== WHAT IS EXPECTED ==
Produce an exact copy of all the data below, dropping every image.

== DATA BLOCK ==
_ _ _ _
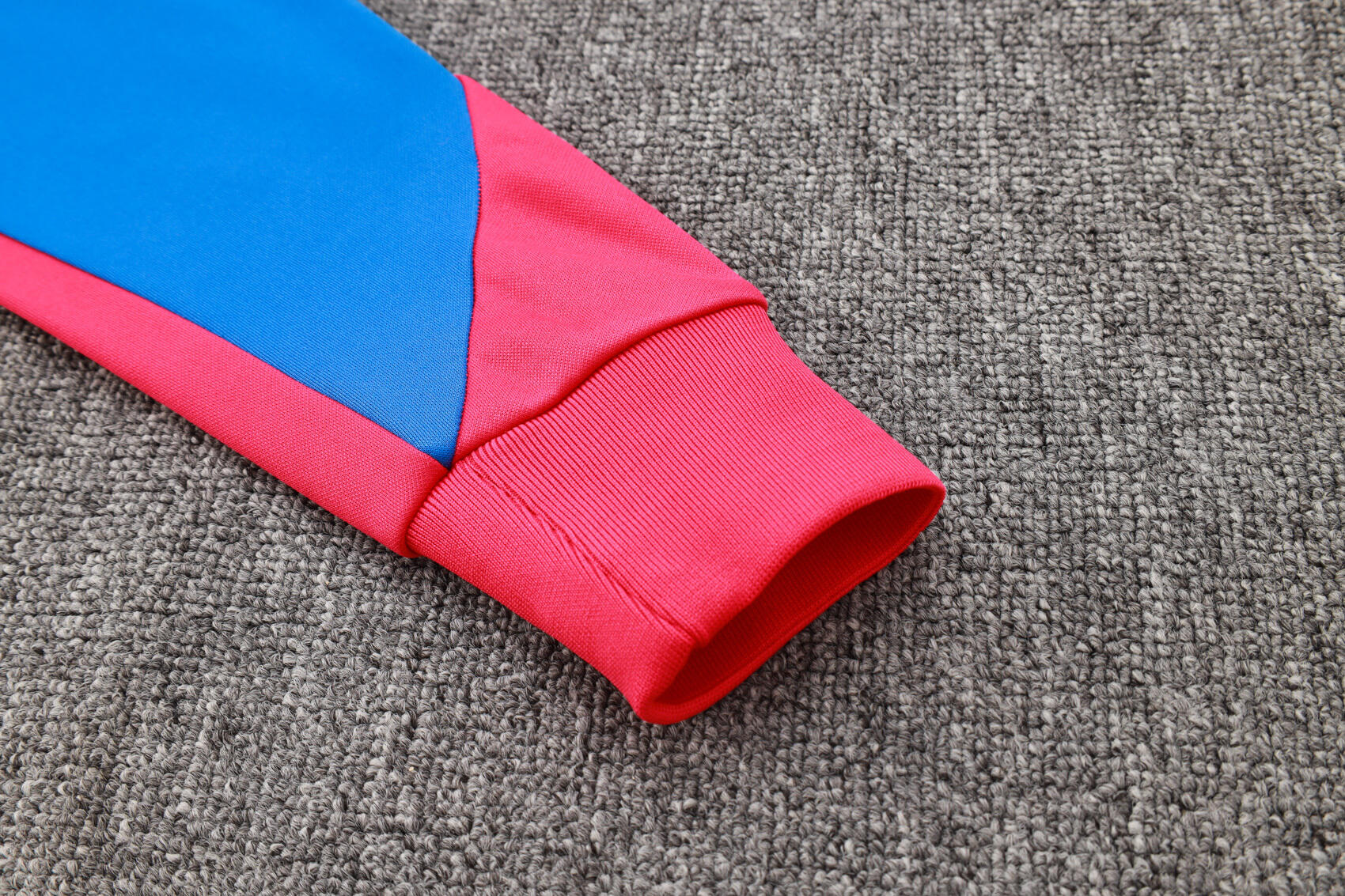 Tracksuit Barcelona Pink/Black 24/25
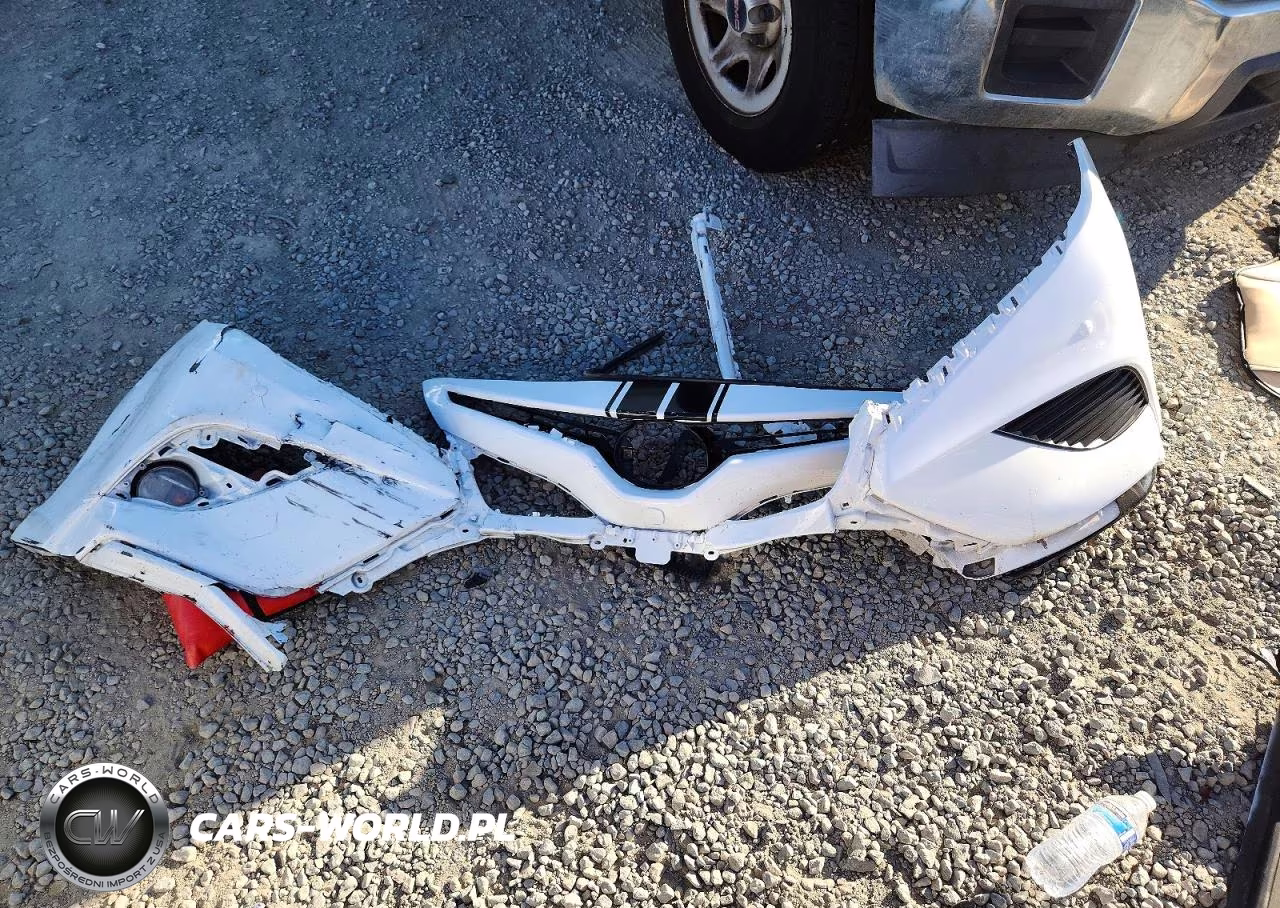 2020 Toyota Camry Se VIN:4T1J31AK0LU535887 - 12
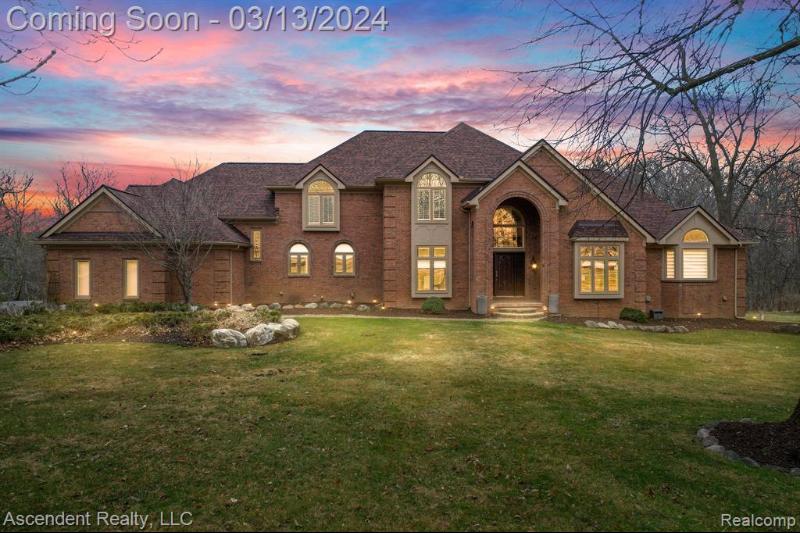 Listing Photo for 69308 Pine River Drive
_ _ _ _
== RESULT FOR THIS EXERCISE ==
 Tracksuit Barcelona Pink/Black 24/25
 2020 Toyota Camry Se VIN:4T1J31AK0LU535887 - 12
 Listing Photo for 69308 Pine River Drive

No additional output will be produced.